UN Deputy Secretary-General, Ms Amina Mohammed, has told a top panel on humanitarian aid that maintaining a “fire-fighting approach is not sustainable” in the long term.

Speaking at the seventh annual Global Humanitarian Policy Forum, Mohammed said around one in every 60 people across the world caught up in a crisis that requires urgent humanitarian assistance.

She regretted that poverty, climate change and other challenges were leaving multitudes vulnerable to the devastating impacts of war and natural disaster.

Mohammed spotlighted that Yemen remained on the brink of famine, Ebola was resurgent in the Democratic Republic of the Congo and “some two billion people still lack safe drinking water – more than a quarter of the world”.

“Global hunger has increased for a third consecutive year. Almost one-in-nine people suffer from hunger,” she said.

Mohammed noted that some 132 million people, mostly women and girls, would need aid and protection in 42 countries around the world, commending generous donors and humanitarian workers.

The UN deputy chief, however, stated: “We should be trying to prevent these crises from happening in the first place, rather than helping people to survive them once they erupt”.

“We need political solutions; and we need to invest in sustainable development to resolve and prevent crises – of all kinds”, she maintained.

The forum, organised by UN Office for the Coordination of Humanitarian Affairs, is assessing the current humanitarian landscape to identify concrete approaches to challenges, such as compliance, financing and humanitarian-development collaboration.

Mohammed called the 2030 Agenda for Sustainable Development “our blueprint” for long-term investment in resilient States and “our best tool” to prevent and overcome existing crises.

According to her, children suffer the most in humanitarian crises, saying that in countries affected by emergencies, they often lose their homes, family members, friends, and sense of security and normal routine.

“But without access to education, they are also at risk of losing their futures,” she added.

The deputy UN scribe pointed out that 60 per cent of preventable maternal deaths occurred in crisis zones, and that girls are more than twice as likely as boys to be out of school there.

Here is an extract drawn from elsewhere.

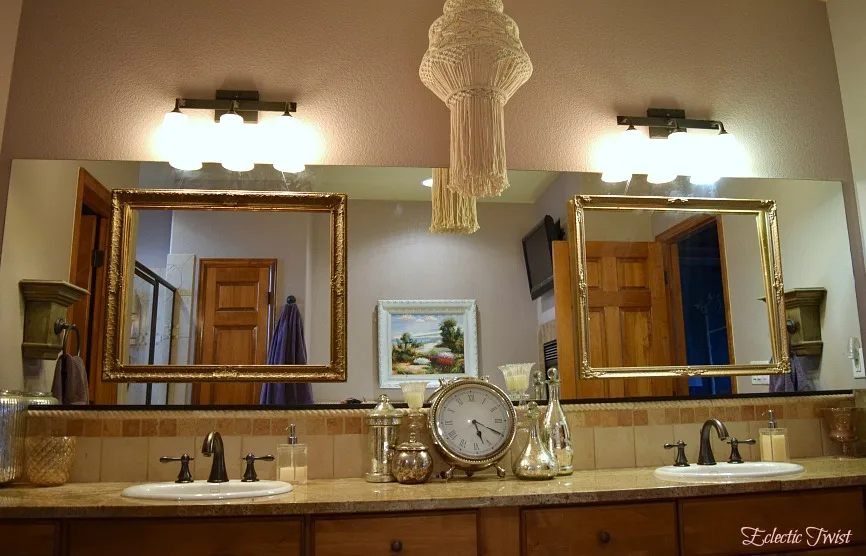 floating frames over bathroom mirror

She maintained that “implementing the SDGs is first and foremost about saving and improving the lives of people and preventing suffering.”

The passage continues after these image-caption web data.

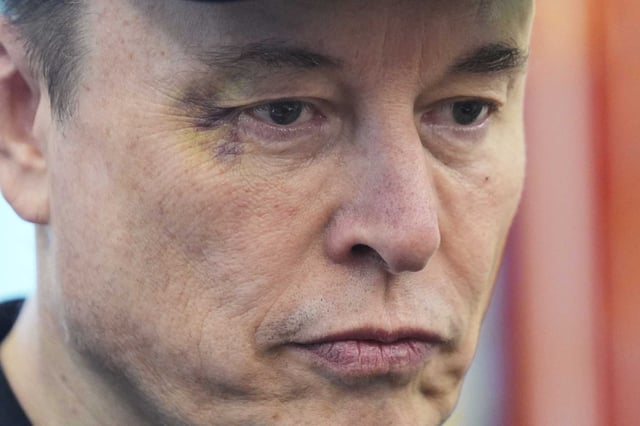 Elon Musk attends a news conference with President Donald Trump in the Oval Office of the White House, May 30, 2025, in Washington. The billionaire Tesla CEO reached a tentative settlement to pay $500 million to 6,000 former Twitter employees who say they were denied severance after his takeover.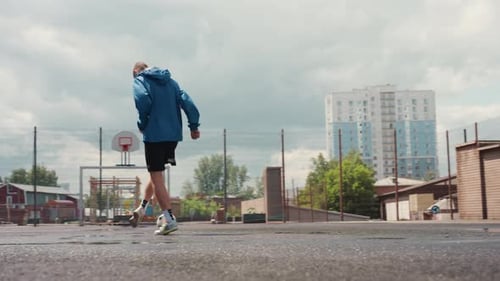 City Soccer Training Athlete Practicing Alone Outdoors Solo Player Dribbling on Rainy Street Urban
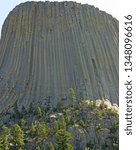 Devils Tower - A laccolithic butte composed of igneous rock in the Bear Lodge Mountains near Hulett and Sundance in Crook County, northeastern Wyoming, ...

“We also need to walk the talk by investing in women’s participation and gender equality,” she stressed, highlighting that this effectively bolsters humanitarian aid programmes.

By the end of 2017, 68.5 million people were forcibly displaced, from 59.5 million in 2014, while food insecurity escalated from 108 million in 2016 to an estimated 124 million.

The average humanitarian appeal lasts seven years compared to four in 2005; this, Mohammed lamented: “Yet less than two per cent of our humanitarian aid goes to meeting this goal. This must change.”

She also cited the recent UN-World Bank study, ‘Pathways for Peace’, which estimated that conflict prevention could save some $34 billion in economic damage, annually.

She encouraged everyone present to think about innovative solutions and partnerships that could help address the challenges “that hinder our ability to prevent and exit existing crises while we continue to save lives and to do this at scale.”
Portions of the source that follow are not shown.